RECORDED DATA:
++++++
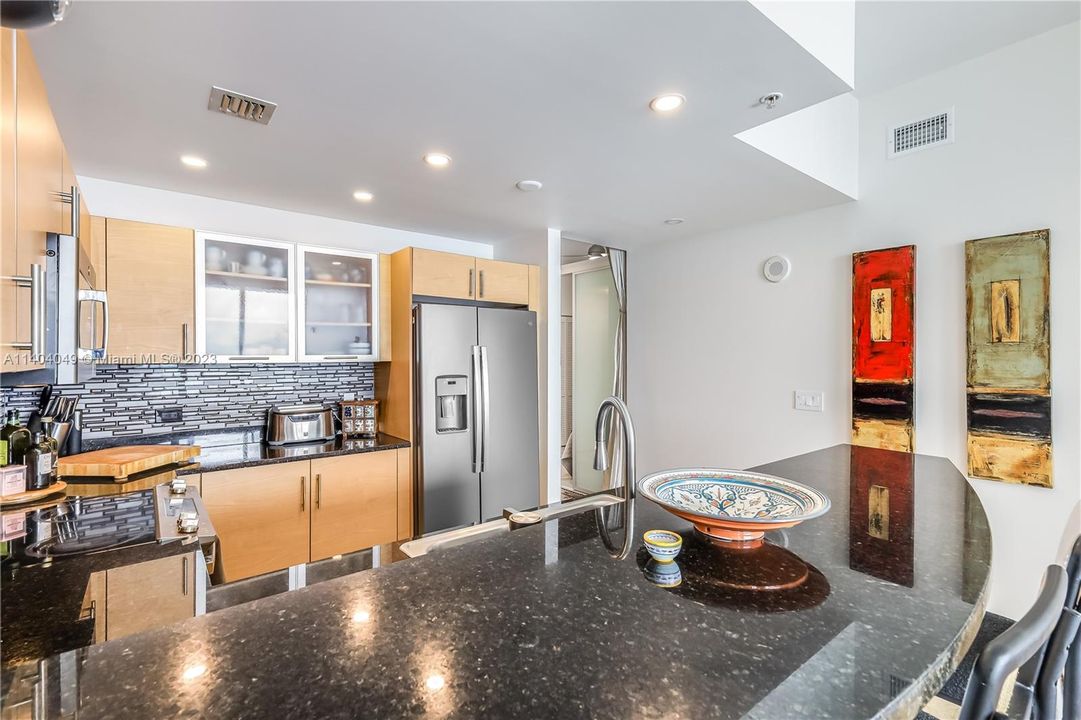 Recently Sold: $579,000 (1 beds, 2 baths, 950 Square Feet)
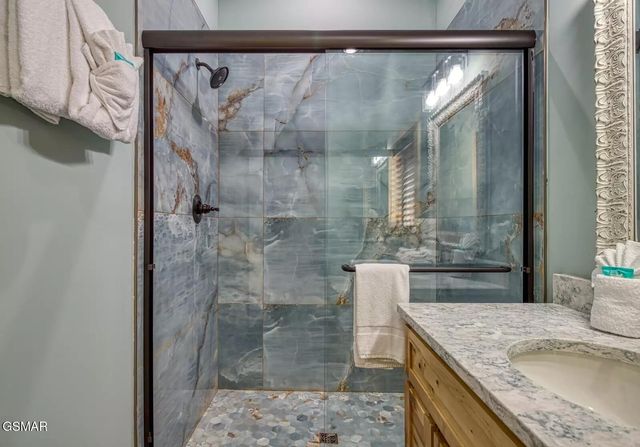 604 Cherokee Orchard Road, Gatlinburg, TN 37738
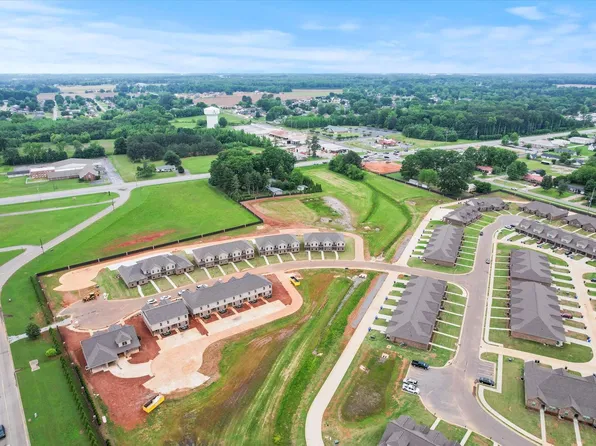 16085 Cohen Dr, Athens, AL 35611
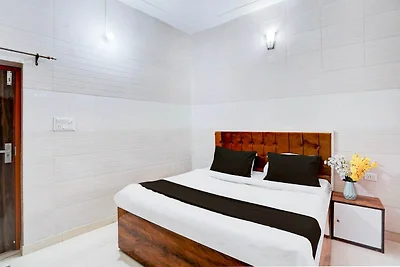 Hotel O Rahul Vihar Ghaziabad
++++++
WHAT THE EXERCISE ASKS:
Repeat word for word only the lines from the line holding "604 Cherokee Orchard" to the final line of the material, both included. Don't carry over any picture.

FINAL ANSWER:
 604 Cherokee Orchard Road, Gatlinburg, TN 37738
 16085 Cohen Dr, Athens, AL 35611
 Hotel O Rahul Vihar Ghaziabad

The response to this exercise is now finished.